LEARNING & TEACHING BUSINESS ENGLISH WRITING

This is an excerpt from the paper...

LEARNING & TEACHING BUSINESS ENGLISH

An essay for teachers of Chinese-speaking students

I. Defining the field, Establishing the Background

II. Writing: The American Interlocutor and Pedagogical Approaches

Composition as unique linguistic form

V. Identifying some specific problems for Chinese students

LEARNING AND TEACHING BUSINESS ENGLISH WRITING

An Essay for Teachers of Chinese-speaking Students

Defining the Field, Establishing the Background

. . .
-a controlled composition approach (Fill-ins, substitutions, transformations, completions, and, later, sentence combining). Writing reinforced and tested knowledge of grammar. Kaplan's contrastive rhetoric (Kaplan, 1966) was more concerned with rhetorical form and led to compensatory exercises which trained in the recognition and use of examples, illustrations, and topic sentences. The stress was on writing from outlines, on paragraph completion, and of reordering of scrambled paragraphs. In the late '70s and early '80s one saw a reaction against form-focused methods towards an interest in writing-content focused methods. In writing, as in speech, emphasis on fluency tended to replace that on accuracy. The focus was more on the process of writing than on the product (see, f.i., Zamel, 1983). The shift, thus, was towards language as communication and as learner's processing mechanisms and styles. The late 1980s found another reversal or shift of concern. From an interest on how the writer processes information to create, researchers and teachers focused on what the writer processes, i.e. on content and on the demands of the market--whether academic or business. Linguists, such as Mohan (1986), proposed a content-based approach.
. . .

Some common words found in the essay are:
Business English, Over-familiarity American, Asia Based, Teaching Strategies, CIF Taipei, EFL ESP, Errors Verbs, Monetary Practices, Written English, Chinese German, business english, english language, los angeles, university press, university california, angeles ca, ca university california, los angeles ca, phd candidate, ca university, angeles ca university, dissertation los, university california los, california los, dissertation los angeles,
Approximate Word count = 7028
Approximate Pages = 28 (250 words per page)
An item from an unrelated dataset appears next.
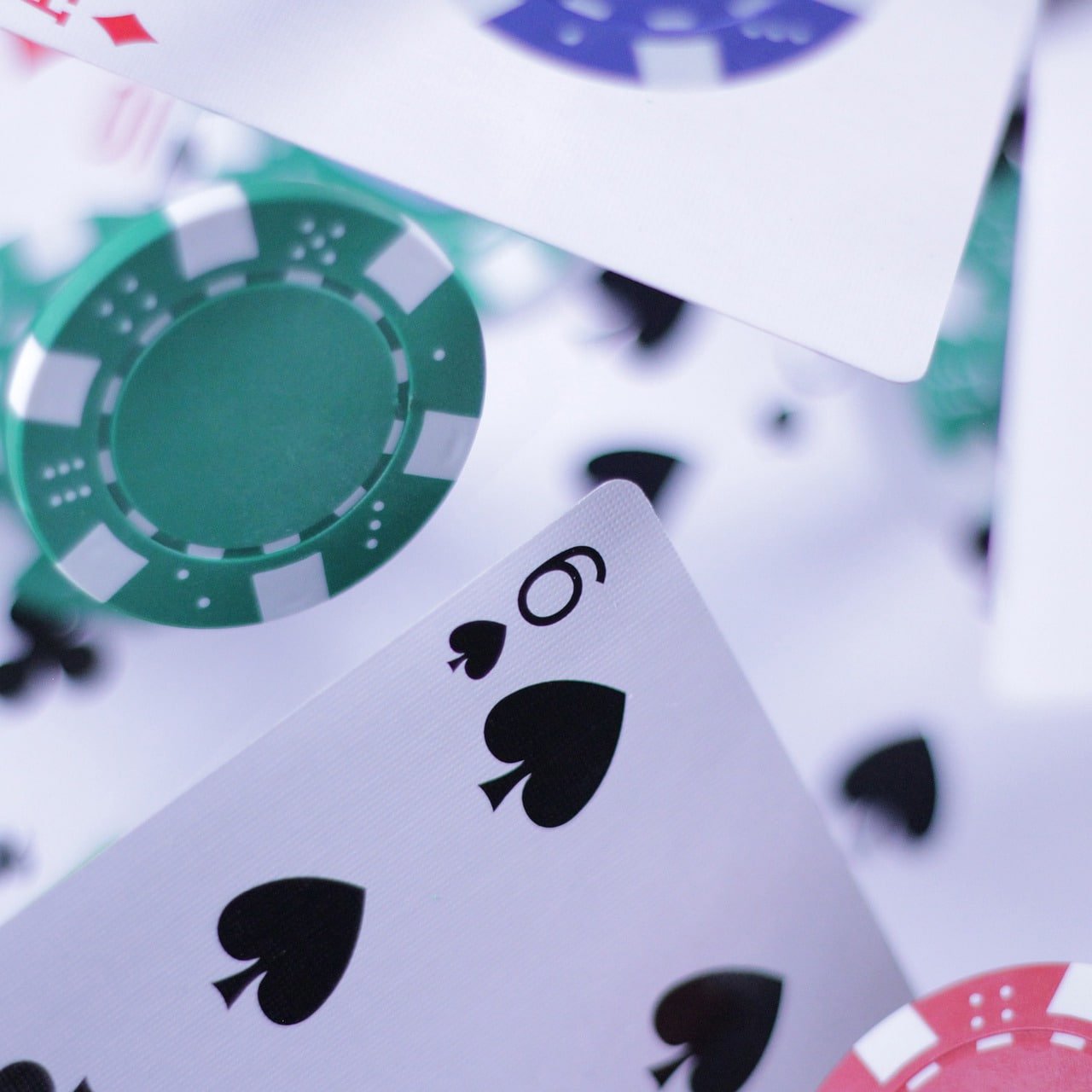 Sury88 Aplikasi fitur taruhan olahraga live casino dan slot tersedia lengkap di perangkat mobile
More Essays on LEARNING & TEACHING BUSINESS ENGLISH WRITING

Phonemes ampamp Graphemes in the English Language 1799 words
Teaching Students for the Real World 2509 words
Eclectic Approach to Teaching English 4128 words
English language in Japan 4282 words
New American Schools 2560 words
ComputerAssisted Instruction IN TEACHING ENGLI 3228 words
Using Peer Groups to Assist Nonnative Speakers 1657 words
Selection of ESL Didactic Materials 1764 words
English for Specific Purposes 8793 words
Written Communications in Business 2927 words
Membership Benefits
Click here to Join Now!
by: Credit Card
Click here to Join Now!
by: Online Check






to Over 32,000 Professionally Written Papers!!!
 


All papers are for research and reference purposes only!